Ecco il "Tempo" del 4 maggio '72. Siamo in campagna elettorale. Sotto il titolo
«Restivo accusa il PSI per l'ordine pubblico» leggo: «Quello che conta è che lo
Stato sia sempre più forte delle fazioni sul piano morale e sul piano tecnico:
entrambe queste condizioni ritengo, come Ministro dell'Interno, di avere sempre
e con fermezza assicurato tenendo le forze dell'ordine, che dell'autorità dello
Stato sono lo strumento, al servizio esclusivo della legge e in piena efficienza
organizzativa. Ciò non è stata facile impresa in un governo di centro sinistra,
se si pensa all'assurdo e logorante condizionamento derivante dalla continua
dissociazione di responsabilità e dalla critica petulante dell'ordine pubblico
da parte di un partito alleato come il PSI, il quale, come tutti certamente
ricorderanno, si è spinto fino all'assurdo di invocare e di pretendere il
disarmo della polizia».
Restivo, terminando il suo discorso elettorale, si augurava che se si fosse
dovuti ritornare, dopo le elezioni (1972), a governi di coalizione era
necessario, in tema di ordine pubblico, dati i precedenti, «fare patti chiari e
definitivi».
Sono passati cinque anni. Ciò che accade è sotto gli occhi di tutti. Insieme a
Balsamo sarebbe istruttivo compulsare la collezione de "l'Avanti!" quando, alla
vigilia delle elezioni del 1972, davanti ai «covi» colmi di armi e di esplosivo
scoperti dalle forze dell'ordine, in un momento in cui i socialisti non erano
più al governo, faceva dell'ironia, come per dire che quei ritrovamenti
avvenivano grazie ad una regia teleguidata. Tutto inventato, in breve!

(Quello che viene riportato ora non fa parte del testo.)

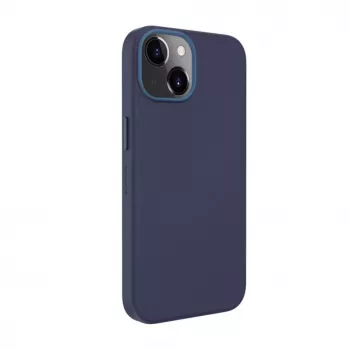 Evelatus Apple iPhone 13 prémiové silikónové puzdro MagSafe Soft Touch modré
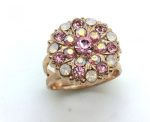 Mariana Ring Rose Quartz Mineral & Crystal Swarovski My Treasures Coll. - Image 2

Già, tutto inventato. Perchè non lo andiamo a dire, o meglio ad urlare a casa De
Martino?
Il dolore di quella famiglia è il nostro dolore. Ma ciò non ci impedisce di dare
a Balzamo quel che è di Balzamo, e al PSI quel che è del PSI. Ma, ahimè, la
petulanza del PSl travalica i confini della decenza e del buon gusto. Nemmeno il
dramma umano di uno dei suoi più illustri personaggi lo frena, lo invita
all'umiltà.
No. Il dolore di un padre serve. Non per riscattarsi dalle proprie colpe e dalle
proprie mascalzonate, o quantomeno, per chiudersi nel silenzio e meditare. No,
si lanciano appelli, si stendono programmi, si fabbricano formule. Guido. Guido:
il tuo rapimento come è stato opportuno!
Avanti, all'abbuffata, all'ammucchiata generale. Tutti dentro. Gli smorti di
paura, i pavidi, gli intrallazzatori, i corrotti, i corruttori, i mafiosi, i
dilapidatori del denaro, pubblico, venite. C'è posto per tutti. C'è l'arco
protettore e benefico. Che aspettate? Il dolore della famiglia De Martino ve lo
impone. È una famiglia ricca solo di libri. Ce lo hanno detto, fino alla noia,
la radio, la televisione, la stampa.
È vero. Ma è anche vero che fra gli ospiti, in quelle stanze di casa De Martino,
cariche di dramma e di tanta angoscia, c'è stato l'ex ministro socialista
Corona.
Già. Corona. La sua splendida villa del Circeo. Se avrete la fortuna di esserci
ammessi, vi faranno togliere, entrando, le scarpe. Per non sciupare i tappeti
persiani. È toccato anche a Sandro Pertini di togliersi le scarpe.
Guido, Guido! La tua sofferenza ci commuove. Fino alle lacrime. Non altrettanto
i farisei che sulla tua sorte speculano. Indecentemente.